___ DATA RECORDS
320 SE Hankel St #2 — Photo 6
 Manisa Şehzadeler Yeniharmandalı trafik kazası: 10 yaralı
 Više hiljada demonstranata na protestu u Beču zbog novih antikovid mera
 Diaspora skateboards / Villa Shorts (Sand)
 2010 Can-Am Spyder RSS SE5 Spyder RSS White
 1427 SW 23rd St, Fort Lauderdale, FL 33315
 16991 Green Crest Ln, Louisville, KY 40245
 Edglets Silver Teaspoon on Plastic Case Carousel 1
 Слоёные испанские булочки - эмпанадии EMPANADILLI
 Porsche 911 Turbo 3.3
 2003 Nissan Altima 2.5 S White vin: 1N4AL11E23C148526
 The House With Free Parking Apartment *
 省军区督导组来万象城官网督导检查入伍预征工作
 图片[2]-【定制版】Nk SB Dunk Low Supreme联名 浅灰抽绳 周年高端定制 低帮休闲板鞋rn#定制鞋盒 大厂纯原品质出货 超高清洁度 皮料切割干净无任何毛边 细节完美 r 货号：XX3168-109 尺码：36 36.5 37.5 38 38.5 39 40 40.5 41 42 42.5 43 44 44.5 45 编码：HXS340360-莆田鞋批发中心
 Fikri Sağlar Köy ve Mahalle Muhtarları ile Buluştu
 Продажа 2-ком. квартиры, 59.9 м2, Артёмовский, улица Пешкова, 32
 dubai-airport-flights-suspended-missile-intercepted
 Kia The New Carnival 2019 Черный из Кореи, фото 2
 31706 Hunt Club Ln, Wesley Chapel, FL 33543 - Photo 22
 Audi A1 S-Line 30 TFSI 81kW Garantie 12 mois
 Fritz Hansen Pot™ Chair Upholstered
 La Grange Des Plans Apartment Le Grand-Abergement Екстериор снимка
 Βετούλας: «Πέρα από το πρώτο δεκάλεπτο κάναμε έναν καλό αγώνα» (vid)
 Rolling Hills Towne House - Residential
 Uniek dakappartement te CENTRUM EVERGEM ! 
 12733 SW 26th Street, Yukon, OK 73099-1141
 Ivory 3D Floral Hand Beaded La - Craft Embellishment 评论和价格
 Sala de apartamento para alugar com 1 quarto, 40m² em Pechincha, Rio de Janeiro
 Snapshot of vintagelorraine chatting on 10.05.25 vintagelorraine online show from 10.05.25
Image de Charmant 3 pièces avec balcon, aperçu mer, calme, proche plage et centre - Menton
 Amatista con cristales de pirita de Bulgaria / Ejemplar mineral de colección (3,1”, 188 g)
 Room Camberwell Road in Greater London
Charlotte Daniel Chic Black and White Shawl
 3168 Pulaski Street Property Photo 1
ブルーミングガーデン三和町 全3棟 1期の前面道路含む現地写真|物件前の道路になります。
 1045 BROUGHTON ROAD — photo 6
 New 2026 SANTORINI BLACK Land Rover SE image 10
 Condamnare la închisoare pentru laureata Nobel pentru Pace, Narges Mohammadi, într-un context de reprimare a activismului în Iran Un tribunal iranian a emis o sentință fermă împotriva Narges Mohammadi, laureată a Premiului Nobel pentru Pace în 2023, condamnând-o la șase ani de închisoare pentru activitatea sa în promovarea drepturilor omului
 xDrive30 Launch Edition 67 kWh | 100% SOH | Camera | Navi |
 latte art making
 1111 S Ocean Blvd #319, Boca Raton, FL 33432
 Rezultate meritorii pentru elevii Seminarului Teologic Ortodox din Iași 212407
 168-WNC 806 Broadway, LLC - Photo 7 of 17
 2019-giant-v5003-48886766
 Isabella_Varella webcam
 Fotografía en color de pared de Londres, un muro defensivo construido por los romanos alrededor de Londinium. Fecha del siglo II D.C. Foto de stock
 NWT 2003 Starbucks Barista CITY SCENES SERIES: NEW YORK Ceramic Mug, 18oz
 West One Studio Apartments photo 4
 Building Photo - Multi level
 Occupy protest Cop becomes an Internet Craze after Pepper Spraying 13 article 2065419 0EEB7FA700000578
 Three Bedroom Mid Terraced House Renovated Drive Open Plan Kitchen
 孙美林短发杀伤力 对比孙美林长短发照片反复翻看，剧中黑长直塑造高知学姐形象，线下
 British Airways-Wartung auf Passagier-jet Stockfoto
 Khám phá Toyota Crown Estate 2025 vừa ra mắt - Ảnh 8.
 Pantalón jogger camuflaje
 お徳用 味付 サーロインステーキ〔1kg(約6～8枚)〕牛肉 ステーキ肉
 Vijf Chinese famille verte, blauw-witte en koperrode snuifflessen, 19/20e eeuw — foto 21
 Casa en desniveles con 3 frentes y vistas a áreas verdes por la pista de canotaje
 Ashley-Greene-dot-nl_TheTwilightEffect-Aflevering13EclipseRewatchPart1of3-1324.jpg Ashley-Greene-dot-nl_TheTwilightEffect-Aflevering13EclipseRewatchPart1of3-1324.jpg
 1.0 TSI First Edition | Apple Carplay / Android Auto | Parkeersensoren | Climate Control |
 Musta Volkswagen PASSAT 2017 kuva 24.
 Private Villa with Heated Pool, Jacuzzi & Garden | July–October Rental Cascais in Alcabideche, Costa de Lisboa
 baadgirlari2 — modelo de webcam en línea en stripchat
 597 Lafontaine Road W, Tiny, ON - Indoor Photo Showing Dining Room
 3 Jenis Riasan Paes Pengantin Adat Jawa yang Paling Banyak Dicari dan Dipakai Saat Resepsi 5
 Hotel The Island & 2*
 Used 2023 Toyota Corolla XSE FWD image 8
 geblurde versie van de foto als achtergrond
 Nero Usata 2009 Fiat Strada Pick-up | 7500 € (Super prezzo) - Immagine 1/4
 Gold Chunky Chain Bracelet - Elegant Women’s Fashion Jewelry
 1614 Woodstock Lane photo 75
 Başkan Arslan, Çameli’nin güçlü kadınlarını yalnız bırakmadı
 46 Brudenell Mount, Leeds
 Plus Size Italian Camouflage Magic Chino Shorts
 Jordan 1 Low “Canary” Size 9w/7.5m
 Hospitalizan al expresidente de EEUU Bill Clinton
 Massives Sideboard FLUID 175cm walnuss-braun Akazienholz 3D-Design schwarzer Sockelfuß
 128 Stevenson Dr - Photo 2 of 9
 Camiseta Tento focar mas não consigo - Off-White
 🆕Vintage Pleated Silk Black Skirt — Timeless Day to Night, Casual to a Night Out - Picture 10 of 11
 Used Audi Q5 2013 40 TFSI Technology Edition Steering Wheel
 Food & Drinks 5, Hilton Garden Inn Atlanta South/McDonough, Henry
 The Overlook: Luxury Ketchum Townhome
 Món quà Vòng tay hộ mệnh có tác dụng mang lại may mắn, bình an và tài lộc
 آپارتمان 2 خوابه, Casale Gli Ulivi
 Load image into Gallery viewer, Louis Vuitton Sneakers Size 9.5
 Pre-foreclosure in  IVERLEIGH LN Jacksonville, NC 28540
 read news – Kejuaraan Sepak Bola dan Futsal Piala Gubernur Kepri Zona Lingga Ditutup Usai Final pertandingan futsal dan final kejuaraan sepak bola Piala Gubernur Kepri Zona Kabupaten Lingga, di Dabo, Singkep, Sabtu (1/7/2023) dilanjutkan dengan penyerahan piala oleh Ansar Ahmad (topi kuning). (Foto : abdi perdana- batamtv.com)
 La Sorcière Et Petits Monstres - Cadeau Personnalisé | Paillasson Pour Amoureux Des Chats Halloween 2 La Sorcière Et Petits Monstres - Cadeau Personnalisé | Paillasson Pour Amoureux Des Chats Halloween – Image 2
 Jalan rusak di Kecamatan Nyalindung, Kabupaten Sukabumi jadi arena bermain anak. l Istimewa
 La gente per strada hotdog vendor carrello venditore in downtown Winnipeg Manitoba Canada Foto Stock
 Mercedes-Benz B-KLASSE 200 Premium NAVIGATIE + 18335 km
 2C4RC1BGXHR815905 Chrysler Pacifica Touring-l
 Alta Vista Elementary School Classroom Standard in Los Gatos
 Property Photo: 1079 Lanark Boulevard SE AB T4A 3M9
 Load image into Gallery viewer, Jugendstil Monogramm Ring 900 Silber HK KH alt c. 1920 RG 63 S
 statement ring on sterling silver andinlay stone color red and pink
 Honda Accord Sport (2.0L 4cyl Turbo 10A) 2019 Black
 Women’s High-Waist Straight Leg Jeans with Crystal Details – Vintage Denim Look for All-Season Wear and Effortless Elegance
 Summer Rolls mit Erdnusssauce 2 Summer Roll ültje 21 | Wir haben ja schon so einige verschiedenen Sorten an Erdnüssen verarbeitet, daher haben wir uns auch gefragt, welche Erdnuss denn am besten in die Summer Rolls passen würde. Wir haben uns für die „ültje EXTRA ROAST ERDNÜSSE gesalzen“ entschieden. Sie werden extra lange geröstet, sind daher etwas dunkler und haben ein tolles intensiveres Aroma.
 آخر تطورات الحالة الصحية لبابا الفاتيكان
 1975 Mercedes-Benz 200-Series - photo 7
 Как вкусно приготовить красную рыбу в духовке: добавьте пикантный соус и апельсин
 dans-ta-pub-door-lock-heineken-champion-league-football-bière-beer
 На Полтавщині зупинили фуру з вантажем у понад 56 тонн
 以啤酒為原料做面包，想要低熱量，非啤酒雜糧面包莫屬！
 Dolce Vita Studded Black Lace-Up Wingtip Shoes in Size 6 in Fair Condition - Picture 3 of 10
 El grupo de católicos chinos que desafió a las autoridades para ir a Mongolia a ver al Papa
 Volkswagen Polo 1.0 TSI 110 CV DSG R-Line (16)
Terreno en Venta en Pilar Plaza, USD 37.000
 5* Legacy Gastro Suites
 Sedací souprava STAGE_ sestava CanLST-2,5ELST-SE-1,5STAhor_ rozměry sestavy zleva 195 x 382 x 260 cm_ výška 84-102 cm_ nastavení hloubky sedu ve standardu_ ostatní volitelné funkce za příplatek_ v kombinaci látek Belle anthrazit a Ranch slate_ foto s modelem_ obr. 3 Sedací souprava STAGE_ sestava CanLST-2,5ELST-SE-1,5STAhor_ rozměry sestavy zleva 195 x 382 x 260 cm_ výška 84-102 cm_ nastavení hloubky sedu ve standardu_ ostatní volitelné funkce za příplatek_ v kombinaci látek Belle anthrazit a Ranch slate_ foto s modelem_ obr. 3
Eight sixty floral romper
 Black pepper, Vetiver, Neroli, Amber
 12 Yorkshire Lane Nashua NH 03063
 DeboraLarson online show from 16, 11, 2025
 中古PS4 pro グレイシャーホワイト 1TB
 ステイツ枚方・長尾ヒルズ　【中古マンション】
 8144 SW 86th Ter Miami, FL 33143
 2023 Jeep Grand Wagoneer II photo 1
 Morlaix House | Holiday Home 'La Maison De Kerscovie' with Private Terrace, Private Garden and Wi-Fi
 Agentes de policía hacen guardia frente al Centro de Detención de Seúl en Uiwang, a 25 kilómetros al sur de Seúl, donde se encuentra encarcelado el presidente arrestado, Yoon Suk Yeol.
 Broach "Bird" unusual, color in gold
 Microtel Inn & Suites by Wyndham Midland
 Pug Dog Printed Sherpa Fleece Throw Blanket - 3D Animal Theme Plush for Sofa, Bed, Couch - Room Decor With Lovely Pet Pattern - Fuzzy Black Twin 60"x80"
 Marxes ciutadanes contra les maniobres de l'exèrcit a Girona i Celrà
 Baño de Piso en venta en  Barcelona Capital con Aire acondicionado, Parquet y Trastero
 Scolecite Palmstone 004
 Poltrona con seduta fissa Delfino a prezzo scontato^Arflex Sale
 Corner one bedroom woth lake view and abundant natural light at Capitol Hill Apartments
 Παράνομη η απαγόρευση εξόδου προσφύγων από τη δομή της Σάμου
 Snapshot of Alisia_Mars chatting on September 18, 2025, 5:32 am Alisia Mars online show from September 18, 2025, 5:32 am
______
Above are the entries. Quote exactly the lines from the one bearing "ブルーミングガーデン三和町 全3棟 1期の前面道路含む現地写真|物件前の道路になります。" through the one bearing "Musta Volkswagen PASSAT 2017 kuva 24.".

## OUTPUT OF THE EXERCISE
ブルーミングガーデン三和町 全3棟 1期の前面道路含む現地写真|物件前の道路になります。
 1045 BROUGHTON ROAD — photo 6
 New 2026 SANTORINI BLACK Land Rover SE image 10
 Condamnare la închisoare pentru laureata Nobel pentru Pace, Narges Mohammadi, într-un context de reprimare a activismului în Iran Un tribunal iranian a emis o sentință fermă împotriva Narges Mohammadi, laureată a Premiului Nobel pentru Pace în 2023, condamnând-o la șase ani de închisoare pentru activitatea sa în promovarea drepturilor omului
 xDrive30 Launch Edition 67 kWh | 100% SOH | Camera | Navi |
 latte art making
 1111 S Ocean Blvd #319, Boca Raton, FL 33432
 Rezultate meritorii pentru elevii Seminarului Teologic Ortodox din Iași 212407
 168-WNC 806 Broadway, LLC - Photo 7 of 17
 2019-giant-v5003-48886766
 Isabella_Varella webcam
 Fotografía en color de pared de Londres, un muro defensivo construido por los romanos alrededor de Londinium. Fecha del siglo II D.C. Foto de stock
 NWT 2003 Starbucks Barista CITY SCENES SERIES: NEW YORK Ceramic Mug, 18oz
 West One Studio Apartments photo 4
 Building Photo - Multi level
 Occupy protest Cop becomes an Internet Craze after Pepper Spraying 13 article 2065419 0EEB7FA700000578
 Three Bedroom Mid Terraced House Renovated Drive Open Plan Kitchen
 孙美林短发杀伤力 对比孙美林长短发照片反复翻看，剧中黑长直塑造高知学姐形象，线下
 British Airways-Wartung auf Passagier-jet Stockfoto
 Khám phá Toyota Crown Estate 2025 vừa ra mắt - Ảnh 8.
 Pantalón jogger camuflaje
 お徳用 味付 サーロインステーキ〔1kg(約6～8枚)〕牛肉 ステーキ肉
 Vijf Chinese famille verte, blauw-witte en koperrode snuifflessen, 19/20e eeuw — foto 21
 Casa en desniveles con 3 frentes y vistas a áreas verdes por la pista de canotaje
 Ashley-Greene-dot-nl_TheTwilightEffect-Aflevering13EclipseRewatchPart1of3-1324.jpg Ashley-Greene-dot-nl_TheTwilightEffect-Aflevering13EclipseRewatchPart1of3-1324.jpg
 1.0 TSI First Edition | Apple Carplay / Android Auto | Parkeersensoren | Climate Control |
 Musta Volkswagen PASSAT 2017 kuva 24.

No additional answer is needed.